Considering Graduate School? Answer These Five Questions Before You Decide

Deciding to seek one or more graduate degrees is a major commitment of time and money; a decision not to take lightly. You will face several years of intense work and research — a much more demanding course load than in your undergraduate program. Before deciding your next step, you should take the time to honestly answer these five questions.

Why are you considering a graduate degree?
Career Goal: You need to have a clear understanding of what you want to do with your career — and how earning a graduate degree will help you reach that goal. If you have any doubts about your professional goals, consider putting off graduate school and, instead, work on some self-assessment and career planning.

Career Change: A graduate degree can often make sense for a job-seeker who is looking to make a career change, In this case, you would be earning the graduate degree in the field you plan to enter.

When should you consider obtaining a graduate degree?
One of the questions most often debated is when is the best time to consider a graduate degree. Is it better to attend graduate school right after you complete your bachelor’s degree, or is it better to wait a few years and gain some work/life experience first. As mentioned above, certainly do not consider going immediately to graduate school as a default move — or to avoid getting a job.

What is the best graduate degree for you?
There are two traditional categories of graduate degrees — master’s and doctoral — although there are also numerous hybrid combined-degree and certificate programs at many universities. Which one is more beneficial to your future?

What is the best graduate school/program for you?
Just as important a decision as whether to go to graduate school is the decision of where to go to graduate school.
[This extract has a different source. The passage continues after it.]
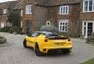 Britský Lotus nyní patří Číňanům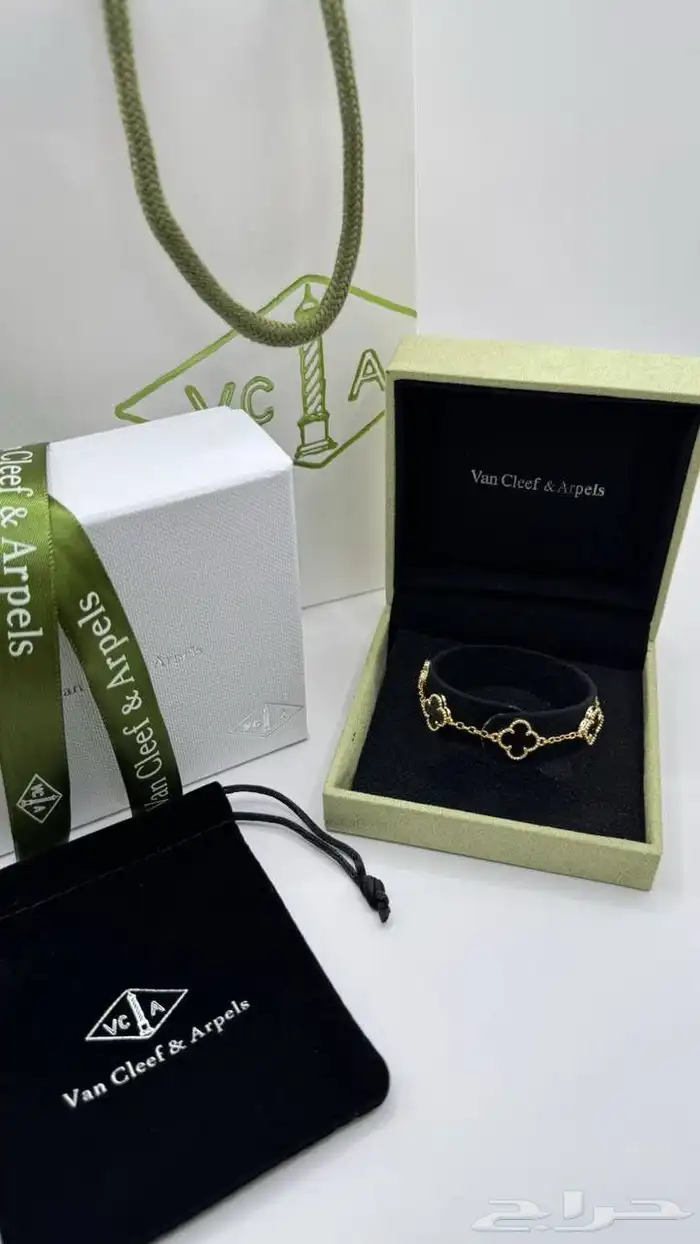 اكسسوارات ماركات درجه اولى مع جميع ملحقاته 23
In fact, some experts say your choice of a graduate school is much more important than your choice of an undergraduate school.

. Can you afford graduate school?
Just as with your undergraduate college, it is crucial to look at the costs of the various graduate programs that interest you and determine what mix of financial aid will make attending the programs feasible. It’s best to study the literature each school sends you and then talk with a financial aid adviser at those schools that interest you.
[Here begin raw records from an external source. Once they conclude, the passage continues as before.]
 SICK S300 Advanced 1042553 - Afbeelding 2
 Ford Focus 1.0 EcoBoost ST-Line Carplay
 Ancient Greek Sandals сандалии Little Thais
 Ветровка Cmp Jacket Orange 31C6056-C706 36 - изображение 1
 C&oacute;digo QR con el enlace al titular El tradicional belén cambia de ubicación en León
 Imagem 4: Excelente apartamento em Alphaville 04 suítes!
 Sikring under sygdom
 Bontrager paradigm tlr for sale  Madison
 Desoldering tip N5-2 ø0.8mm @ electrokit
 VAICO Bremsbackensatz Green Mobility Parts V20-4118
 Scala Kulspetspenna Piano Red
Other Resources Related to Graduate School: An online directory of 18,000 graduate and post-graduate programs worldwide including descriptions, contact information, and institutional advertising. Also includes chapters from The Grad School Handbook.


5 Responses

  1. great and crucial questions.

  2. […] If you are thinking about graduate school, please read the post at Grad Pit Stop before you do anything […]
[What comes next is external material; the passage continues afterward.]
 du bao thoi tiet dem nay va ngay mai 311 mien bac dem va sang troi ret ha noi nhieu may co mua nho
  3. Nice list. I wish I had considered it before I took the plunge. I really regret going to graduate school.

    • I’m sorry to hear that, I hope that despite your regret you’ve found a way to make the best out of the situation…

      • Grad school basically demoralized me. I didn’t even last the full academic year. Not saying it was a total loss, but the recovery has been difficult, and I’m having trouble getting my confidence back in anything I attempt in life.

        The good thing that came out of it was the fact it showed me just how miserable I would have been had I stayed in the education business, and that I really needed to live out my real dream, so in reality, it wasn’t a total loss.